Editorial: Compromise not their best subject
As the clock ticks closer to a Friday deadline with economic impact throughout the country, leadership has again failed us.
It is not singularly the White House and Democrats, nor is it the Republicans alone. All are deserving.
Without compromise, budget cuts will automatically go into effect on Friday. It is an $85 billion impact, with the fallout ranging from classrooms to food inspections to the country’s military defense.
How holed up are the two sides?
President Barack Obama appeared at a Tidewater Virginia shipyard Tuesday, but was being roundly criticized for not leading by asking party leaders into some kind of a summit. In-person discussions between the sides have been non-existent. The party line: Republicans won’t compromise, and tax increases and targeted cuts are the answer.

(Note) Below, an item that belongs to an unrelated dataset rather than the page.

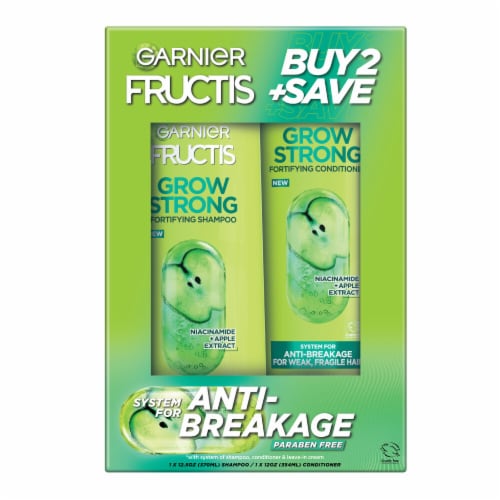 Garnier Fructis Grow Strong Fortifying Shampoo and Conditioner Set for Weak, Fragile Hair Perspective: left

Republicans, however, have been no better. They’ve dug in their heels, apparently willing to sacrifice scores of jobs, not to mention services to children, just to keep Obama from “winning another one.” The party line: the budget trigger was the Democrats’ idea, and spending cuts solve the problem.
New Hampshire Republican Sen. Kelly Ayotte summed it up well.

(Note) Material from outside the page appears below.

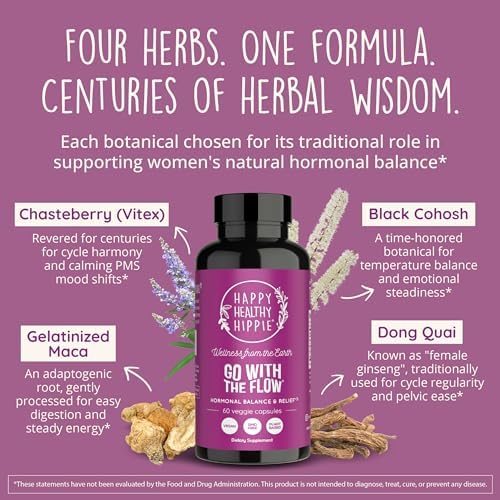 Happy Healthy Hippie Glow for It Astaxanthin Supplement & Go with The Flow Hormone Balance for Women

“I think the American people are tired of the blame game,” she said.
And yes, she said it just moments after blaming Obama.
That would be the same Obama who approved issuing news Sunday night that could only be described as panic inducing. The White House let every state know what the cuts would mean state-by-state.
What they didn’t tell us was whether states could make fiscal adjustments and cover shortfalls, or which programs have flexibility.
Granted, North Carolina’s numbers were eye-popping — more than $258 million in military and law enforcement, more than $40 million in education, more than $5 million in health and nearly $5 million in the environment.
North Carolina isn’t likely to cover it all or be flexible enough to adjust for it all. We’re going to get hurt, too.
Tired and weary are we of this merry-go-round atmosphere in Washington. The bottom line is both sides need to be talking to each other, and both need a lesson on what it means to compromise.